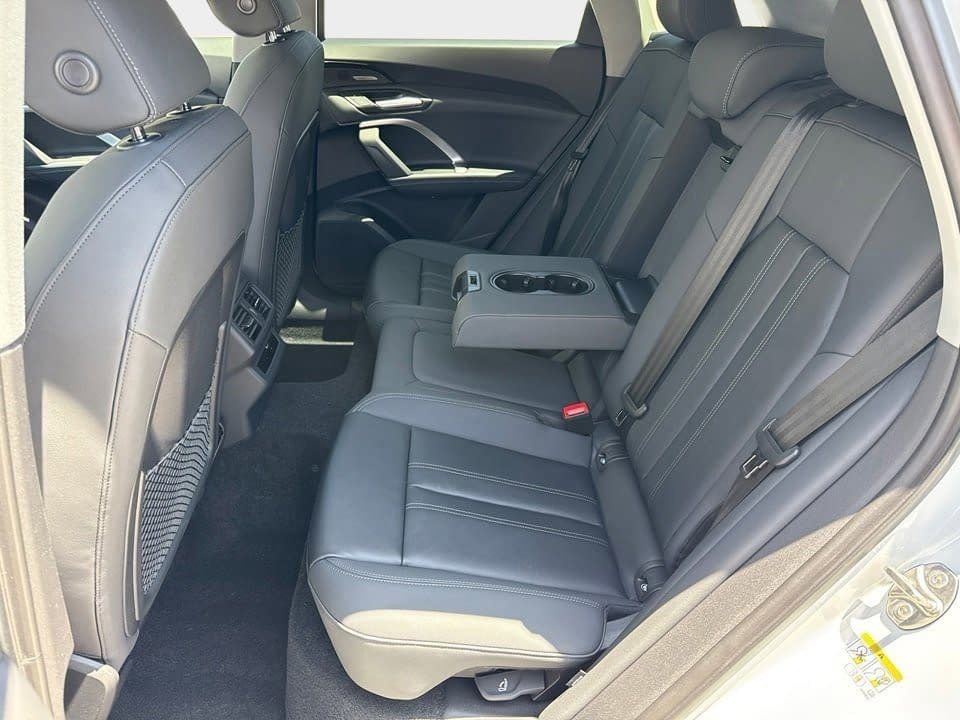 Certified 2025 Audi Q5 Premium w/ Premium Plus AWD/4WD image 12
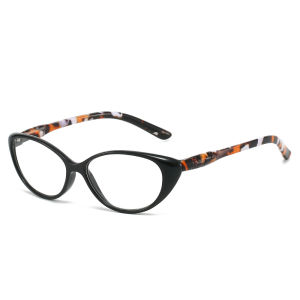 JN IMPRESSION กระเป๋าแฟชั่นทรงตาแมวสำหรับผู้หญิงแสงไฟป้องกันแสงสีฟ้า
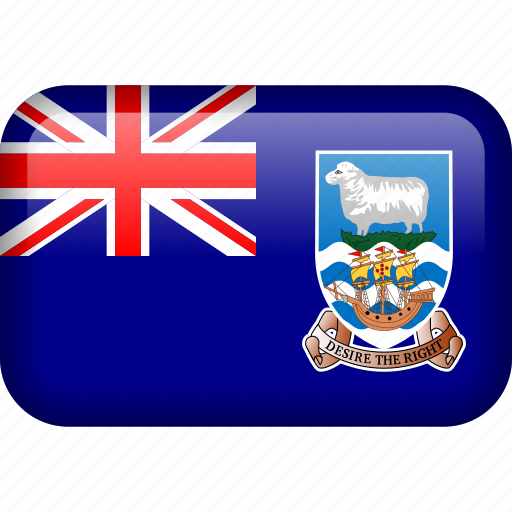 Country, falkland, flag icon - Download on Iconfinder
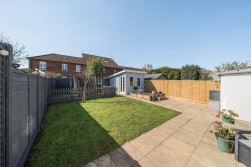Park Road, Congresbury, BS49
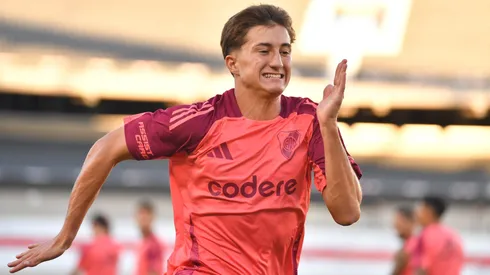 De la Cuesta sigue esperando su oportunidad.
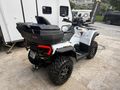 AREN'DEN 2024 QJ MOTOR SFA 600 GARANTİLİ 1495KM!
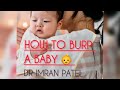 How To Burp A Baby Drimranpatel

=-=-=-=-=

Required work -> Repeat the records in full and exactly, leaving every picture out.

Your solution ->
 Certified 2025 Audi Q5 Premium w/ Premium Plus AWD/4WD image 12
 JN IMPRESSION กระเป๋าแฟชั่นทรงตาแมวสำหรับผู้หญิงแสงไฟป้องกันแสงสีฟ้า
 Country, falkland, flag icon - Download on Iconfinder
Park Road, Congresbury, BS49
 De la Cuesta sigue esperando su oportunidad.
 AREN'DEN 2024 QJ MOTOR SFA 600 GARANTİLİ 1495KM!
 How To Burp A Baby Drimranpatel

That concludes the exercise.